Tutorial: Fine-Tune a Model with Hugging Face Datasets
This tutorial walks you through importing datasets from Hugging Face to train a custom model in 4Minds.
What you’ll build
By the end of this tutorial, you’ll have a custom model trained on Hugging Face data that can:
- Understand domain-specific terminology and concepts
- Extract relevant information from your training data
- Provide accurate, contextual responses to queries in your domain
Prerequisites
Fine-tuning overview
Fine-tuning allows you to customize base models for your specific use case by training them on your own data. The fine-tuning feature enables you to:
- Create custom models tailored to your domain (e.g., financial analysis, customer support)
- Train on proprietary datasets to improve accuracy for specific tasks
- Deploy models via API or test them in the interactive Playground
- Monitor performance metrics including response time, token speed, and success rate
Model status types
| Status | Description |
|---|
| Ready | Model is trained and available for use |
| Building Graph | Model is currently being compiled (shows percentage progress) |
| Training | Model is actively learning from training data |
| Archived | Model is stored but not actively deployed |
Selecting a base model
| Base Model | Parameters | Best For |
|---|
| Phi | 14b | Lightweight tasks, faster inference |
| Gemma | 27b | Balanced performance and capability |
| Nemotron | 70b | Complex reasoning, highest accuracy |
Training data best practices
- Provide diverse examples – Include variations of similar questions to improve generalization
- Maintain consistency – Use a consistent format and tone across all training samples
- Include edge cases – Add examples of boundary conditions and unusual queries
- Quality over quantity – 500 high-quality examples often outperform 5,000 poor ones
Step 1: Access the data upload screen
During the model creation process (Step 3 of 4), you’ll reach the Data Upload screen. Here you can choose how to provide training data to customize your model.

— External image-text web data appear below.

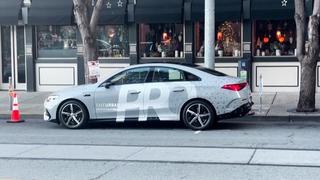 Hãng Uber giới thiệu Robotaxi tự hành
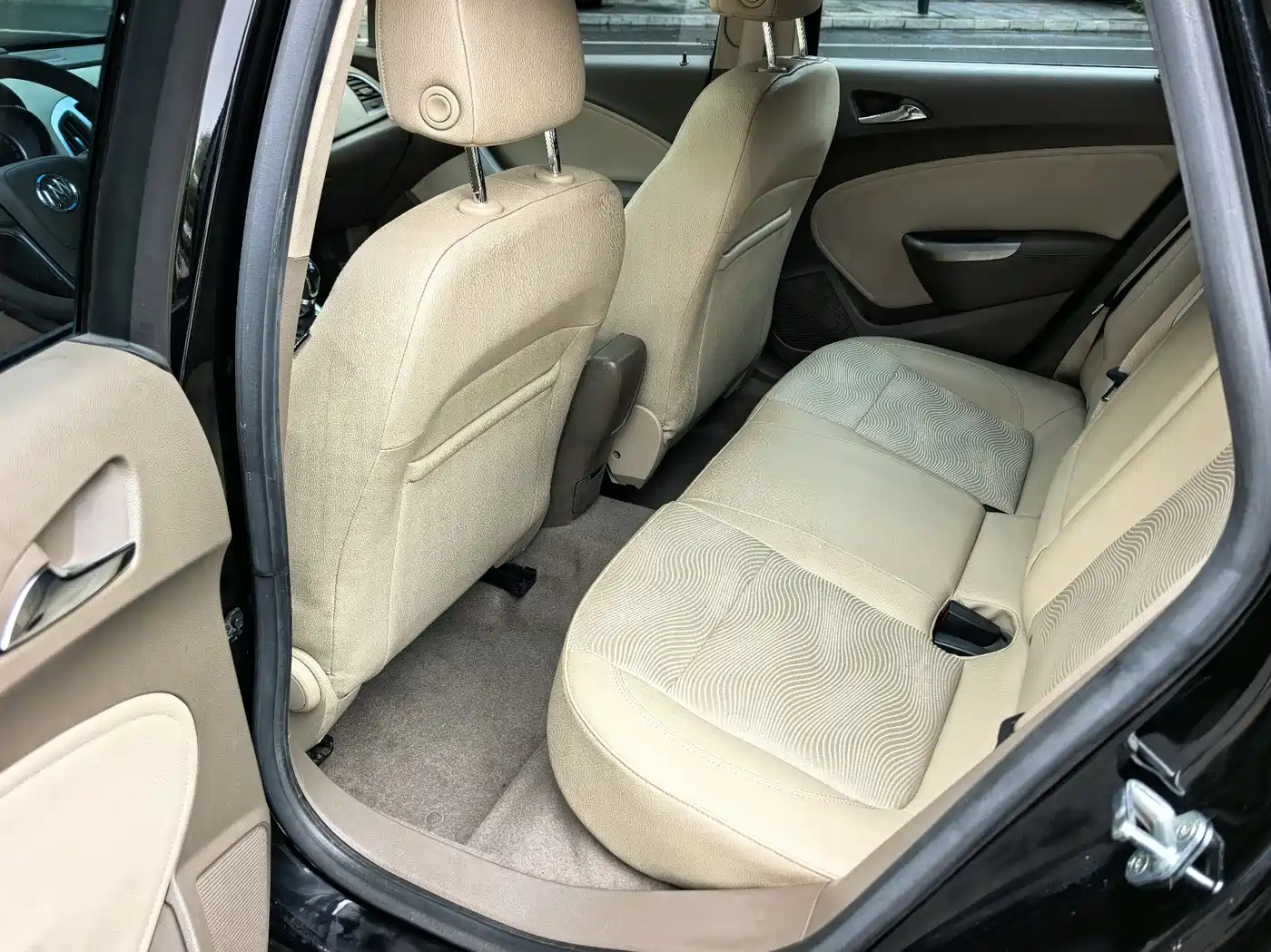 Buick Excelle 2013 Model GT 1.6L Manual Progressive фото 8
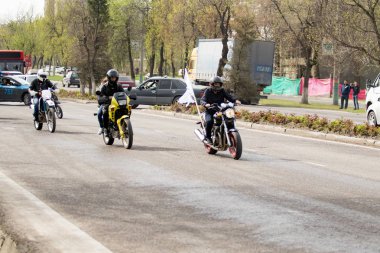 Shymkent, Kazakistan - 15 Şubat 2017: Motosiklet motorcu sezon açılış 15 Mart 2017 yılında Çimkent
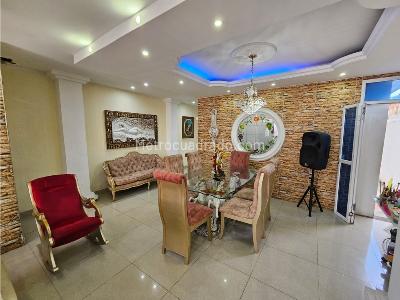 Casa de 5 alcobas en venta en Buena Esperanza, Barranquilla, 214 m² · foto 5 de 20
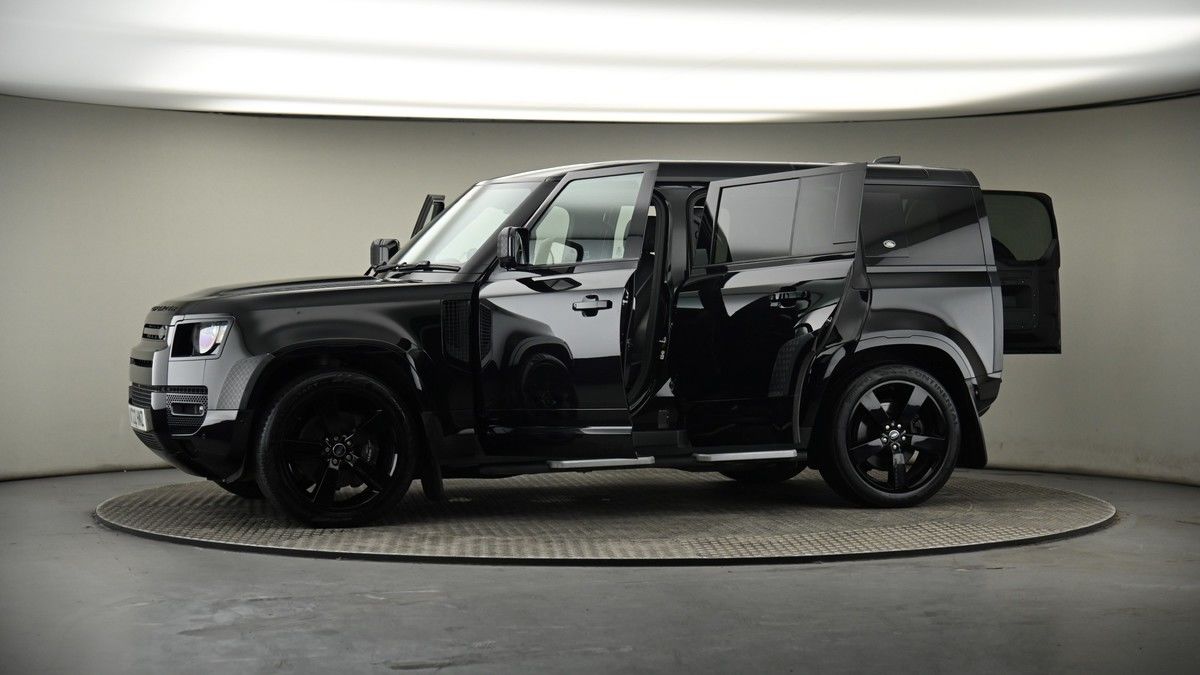 Used Land Rover Defender 110 2022 for sale - 74107142: Photo 63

- Under Choose Data Source, ensure the Upload New Data tab is selected
- You have three options under Add Files from Sources:
- Upload Files - Local files from your computer
- Integrations - External data sources
- URL - Import from a web address
- To import from Hugging Face, click the Integrations button
Step 2: Select Hugging Face integration
On the Select Integration screen, you’ll see a list of available data source integrations including Amazon S3, Azure Blob Storage, Google Cloud Storage, and others.
- Scroll down and select Hugging Face from the list
If you see “Not configured” next to an integration, you may need to set up credentials first via Configure Integrations at the top of the list.
Step 3: Search for your dataset
The Import from HuggingFace screen allows you to search the Hugging Face Hub for datasets.
- Enter your search query in the search bar (e.g., “finQA”)
- Click Search
- Browse the results using the available tabs:
- Popular Datasets – Trending datasets on Hugging Face
- My Datasets – Your personal Hugging Face datasets
- Search Results – Results matching your query
Each dataset card displays helpful information including:
- Dataset name and author
- Description
- Download count
- Size and format
- Task type and modality
Click on the dataset you want to import.
On the Dataset Details screen, you can configure import settings for your selected dataset.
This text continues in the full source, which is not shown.